No Centro de Reabilitação de Nossa Senhora dos Anjos, que frequentou dos 17 aos 18 anos, recebeu ensinamentos práticos. "Aprendi a trabalhar em carpintaria, mecânica, metalo-mecânica. E também coisas do dia-a-dia, como passar a ferro, cozinhar, etc.". O seu primeiro emprego foi numa fábrica de máquinas de escrever, em Mem Martins. "Estive lá quatro anos, entre 1969 e 1973, como operário metalo-mecânico. Trabalhava na montagem dos carretos das máquinas, utilizando fresas, tornos mecânicos, prensas. Fiz trabalhos que hoje já não faria, por medo. Colegas houve que chegaram a perder dedos.
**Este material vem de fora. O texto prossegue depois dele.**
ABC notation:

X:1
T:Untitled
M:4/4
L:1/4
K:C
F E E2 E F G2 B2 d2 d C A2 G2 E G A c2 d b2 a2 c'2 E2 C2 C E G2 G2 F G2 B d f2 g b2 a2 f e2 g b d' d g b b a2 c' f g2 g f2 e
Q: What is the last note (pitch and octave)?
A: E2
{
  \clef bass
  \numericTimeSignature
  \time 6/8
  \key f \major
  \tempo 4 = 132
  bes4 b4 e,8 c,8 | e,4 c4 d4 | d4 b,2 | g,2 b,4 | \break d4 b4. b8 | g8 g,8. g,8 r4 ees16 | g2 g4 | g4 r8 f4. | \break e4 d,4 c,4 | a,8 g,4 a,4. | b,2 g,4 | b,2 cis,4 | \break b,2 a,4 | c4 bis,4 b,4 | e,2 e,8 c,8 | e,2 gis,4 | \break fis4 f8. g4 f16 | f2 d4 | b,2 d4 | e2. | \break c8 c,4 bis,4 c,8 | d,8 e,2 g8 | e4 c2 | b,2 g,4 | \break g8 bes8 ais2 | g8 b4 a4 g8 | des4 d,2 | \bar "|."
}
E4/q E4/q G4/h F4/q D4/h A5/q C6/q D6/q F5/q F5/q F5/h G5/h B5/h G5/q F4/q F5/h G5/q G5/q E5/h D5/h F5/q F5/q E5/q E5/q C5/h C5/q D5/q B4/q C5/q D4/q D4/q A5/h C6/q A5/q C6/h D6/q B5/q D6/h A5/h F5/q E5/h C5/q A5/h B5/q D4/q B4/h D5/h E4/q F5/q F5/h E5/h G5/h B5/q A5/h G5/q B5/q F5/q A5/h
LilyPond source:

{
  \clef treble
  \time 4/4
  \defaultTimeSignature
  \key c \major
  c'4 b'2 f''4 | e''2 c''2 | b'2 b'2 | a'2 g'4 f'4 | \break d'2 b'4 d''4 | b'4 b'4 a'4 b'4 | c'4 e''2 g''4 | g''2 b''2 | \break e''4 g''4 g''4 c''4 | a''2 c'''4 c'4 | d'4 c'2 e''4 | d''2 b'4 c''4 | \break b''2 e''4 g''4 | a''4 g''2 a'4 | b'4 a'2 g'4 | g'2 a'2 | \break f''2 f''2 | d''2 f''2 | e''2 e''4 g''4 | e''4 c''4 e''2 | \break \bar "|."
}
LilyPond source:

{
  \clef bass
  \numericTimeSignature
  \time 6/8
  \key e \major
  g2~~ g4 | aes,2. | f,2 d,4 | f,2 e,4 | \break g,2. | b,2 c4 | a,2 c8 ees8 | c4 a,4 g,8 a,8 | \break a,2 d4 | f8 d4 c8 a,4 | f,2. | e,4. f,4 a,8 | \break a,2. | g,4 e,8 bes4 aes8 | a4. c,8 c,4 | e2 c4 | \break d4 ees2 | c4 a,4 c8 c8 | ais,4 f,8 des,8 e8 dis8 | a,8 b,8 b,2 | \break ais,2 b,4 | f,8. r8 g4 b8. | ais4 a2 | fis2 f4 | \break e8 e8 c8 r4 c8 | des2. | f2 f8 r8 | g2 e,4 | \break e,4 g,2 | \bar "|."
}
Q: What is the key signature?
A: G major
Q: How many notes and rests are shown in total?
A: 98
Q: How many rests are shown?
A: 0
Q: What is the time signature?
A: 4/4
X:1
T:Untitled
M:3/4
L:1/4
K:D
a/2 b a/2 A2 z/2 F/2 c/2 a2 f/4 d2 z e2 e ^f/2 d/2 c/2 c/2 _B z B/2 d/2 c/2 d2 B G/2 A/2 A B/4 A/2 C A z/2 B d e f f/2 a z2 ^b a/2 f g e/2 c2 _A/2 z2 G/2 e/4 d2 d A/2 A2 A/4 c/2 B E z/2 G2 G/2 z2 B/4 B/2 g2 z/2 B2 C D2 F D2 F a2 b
Mas nessa altura arrisquei, porque queria ganhar a vida e ser independente".

"O Mundo da Vida" pela Internet

A entrada para a Câmara Municipal de Lisboa, como auxiliar de catalogação, abre-lhe novas perspectivas. Licenciou-se em História pela Faculdade de Letras de Lisboa, em 1979, e obteve uma pós-graduação em Ciências Documentais, na Faculdade de Letras de Coimbra. Em 1999 doutora-se em Ciências da Comunicação, na especialidade Comunicação e Cultura, pela Universidade Nova de Lisboa. Desde aí, o seu tempo reparte-se pelo trabalho na autarquia, como coordenador do Gabinete de Referência Cultural, pelo ensino universitário, como professor e orientador de mestrados e doutoramentos, e pela investigação cientifica.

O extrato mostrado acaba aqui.